Task objective => For the data below, retype word for word the lines from the one containing "The Ealing Rail" through the one containing "Your request to"; drop the pictures.

Data in this exercise =>
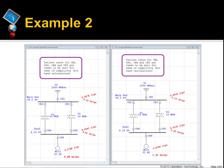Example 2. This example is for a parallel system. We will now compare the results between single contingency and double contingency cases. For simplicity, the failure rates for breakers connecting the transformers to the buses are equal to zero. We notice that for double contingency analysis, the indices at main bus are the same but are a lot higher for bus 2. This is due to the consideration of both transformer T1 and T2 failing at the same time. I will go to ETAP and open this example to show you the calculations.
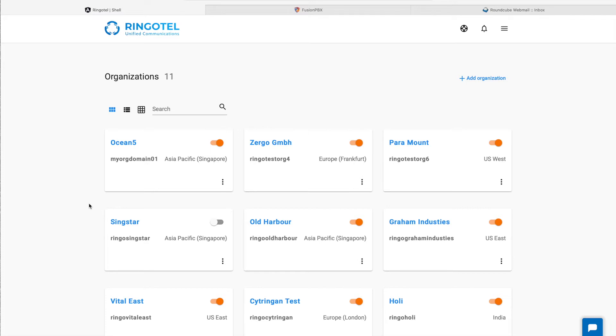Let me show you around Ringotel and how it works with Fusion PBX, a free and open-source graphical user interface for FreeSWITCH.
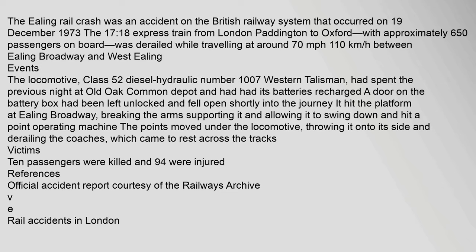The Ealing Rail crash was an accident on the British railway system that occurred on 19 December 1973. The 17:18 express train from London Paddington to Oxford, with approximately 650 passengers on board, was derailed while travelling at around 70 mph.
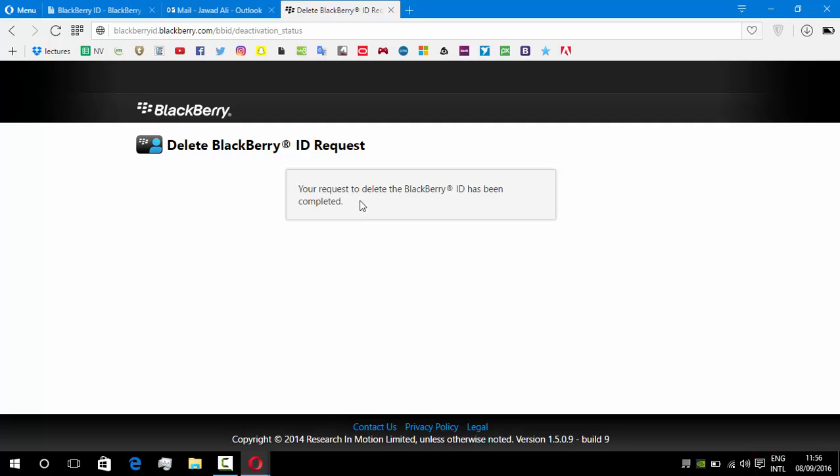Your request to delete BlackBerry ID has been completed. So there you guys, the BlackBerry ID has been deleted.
--
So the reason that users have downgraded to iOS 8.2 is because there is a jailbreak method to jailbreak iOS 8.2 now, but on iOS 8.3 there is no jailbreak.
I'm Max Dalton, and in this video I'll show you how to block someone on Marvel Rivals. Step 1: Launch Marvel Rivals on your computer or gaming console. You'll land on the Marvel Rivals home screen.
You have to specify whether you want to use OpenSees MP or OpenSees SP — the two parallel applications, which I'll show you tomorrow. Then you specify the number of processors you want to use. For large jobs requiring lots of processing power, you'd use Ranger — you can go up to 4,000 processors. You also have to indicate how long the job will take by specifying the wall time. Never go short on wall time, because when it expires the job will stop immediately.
...
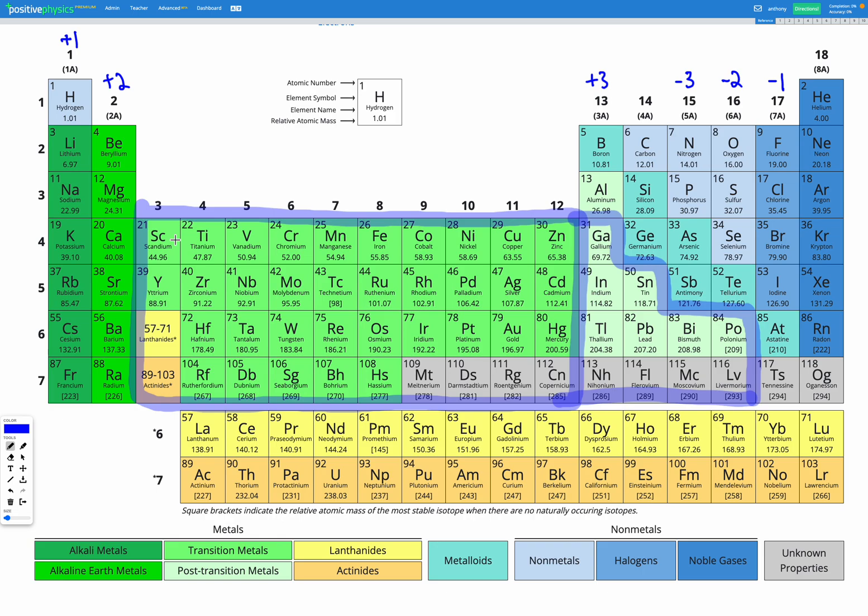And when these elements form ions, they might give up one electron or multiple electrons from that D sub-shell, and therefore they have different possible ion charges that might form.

Answer =>
The Ealing Rail crash was an accident on the British railway system that occurred on 19 December 1973. The 17:18 express train from London Paddington to Oxford, with approximately 650 passengers on board, was derailed while travelling at around 70 mph.
Your request to delete BlackBerry ID has been completed. So there you guys, the BlackBerry ID has been deleted.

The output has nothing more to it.